» **Work task**
Repeat the listing in full. Nothing may be added or left out.

★ ★ ★ ★

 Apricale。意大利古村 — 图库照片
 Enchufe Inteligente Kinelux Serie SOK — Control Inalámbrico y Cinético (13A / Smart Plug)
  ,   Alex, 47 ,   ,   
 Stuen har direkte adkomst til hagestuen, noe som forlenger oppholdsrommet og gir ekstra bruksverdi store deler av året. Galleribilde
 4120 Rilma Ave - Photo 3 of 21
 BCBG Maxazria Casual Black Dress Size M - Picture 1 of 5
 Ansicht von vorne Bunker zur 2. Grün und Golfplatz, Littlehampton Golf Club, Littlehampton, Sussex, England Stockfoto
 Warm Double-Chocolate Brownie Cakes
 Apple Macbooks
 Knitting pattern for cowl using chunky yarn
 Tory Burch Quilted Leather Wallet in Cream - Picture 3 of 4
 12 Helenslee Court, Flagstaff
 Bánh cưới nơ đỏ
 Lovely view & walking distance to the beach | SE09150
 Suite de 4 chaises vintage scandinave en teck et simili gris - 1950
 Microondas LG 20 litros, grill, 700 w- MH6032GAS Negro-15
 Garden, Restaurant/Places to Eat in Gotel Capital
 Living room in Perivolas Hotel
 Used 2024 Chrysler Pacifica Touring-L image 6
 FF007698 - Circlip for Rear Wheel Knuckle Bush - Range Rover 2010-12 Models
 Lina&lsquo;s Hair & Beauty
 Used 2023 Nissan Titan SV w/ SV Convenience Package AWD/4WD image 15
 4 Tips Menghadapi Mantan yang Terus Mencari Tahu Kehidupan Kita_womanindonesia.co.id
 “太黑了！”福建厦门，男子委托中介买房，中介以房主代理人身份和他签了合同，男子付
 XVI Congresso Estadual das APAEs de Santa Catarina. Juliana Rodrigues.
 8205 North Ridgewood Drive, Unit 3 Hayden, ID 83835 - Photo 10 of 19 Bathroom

★ ★ ★ ★

» **Task result**
 Apricale。意大利古村 — 图库照片
 Enchufe Inteligente Kinelux Serie SOK — Control Inalámbrico y Cinético (13A / Smart Plug)
  ,   Alex, 47 ,   ,   
 Stuen har direkte adkomst til hagestuen, noe som forlenger oppholdsrommet og gir ekstra bruksverdi store deler av året. Galleribilde
 4120 Rilma Ave - Photo 3 of 21
 BCBG Maxazria Casual Black Dress Size M - Picture 1 of 5
 Ansicht von vorne Bunker zur 2. Grün und Golfplatz, Littlehampton Golf Club, Littlehampton, Sussex, England Stockfoto
 Warm Double-Chocolate Brownie Cakes
 Apple Macbooks
 Knitting pattern for cowl using chunky yarn
 Tory Burch Quilted Leather Wallet in Cream - Picture 3 of 4
 12 Helenslee Court, Flagstaff
 Bánh cưới nơ đỏ
 Lovely view & walking distance to the beach | SE09150
 Suite de 4 chaises vintage scandinave en teck et simili gris - 1950
 Microondas LG 20 litros, grill, 700 w- MH6032GAS Negro-15
 Garden, Restaurant/Places to Eat in Gotel Capital
 Living room in Perivolas Hotel
 Used 2024 Chrysler Pacifica Touring-L image 6
 FF007698 - Circlip for Rear Wheel Knuckle Bush - Range Rover 2010-12 Models
 Lina&lsquo;s Hair & Beauty
 Used 2023 Nissan Titan SV w/ SV Convenience Package AWD/4WD image 15
 4 Tips Menghadapi Mantan yang Terus Mencari Tahu Kehidupan Kita_womanindonesia.co.id
 “太黑了！”福建厦门，男子委托中介买房，中介以房主代理人身份和他签了合同，男子付
 XVI Congresso Estadual das APAEs de Santa Catarina. Juliana Rodrigues.
 8205 North Ridgewood Drive, Unit 3 Hayden, ID 83835 - Photo 10 of 19 Bathroom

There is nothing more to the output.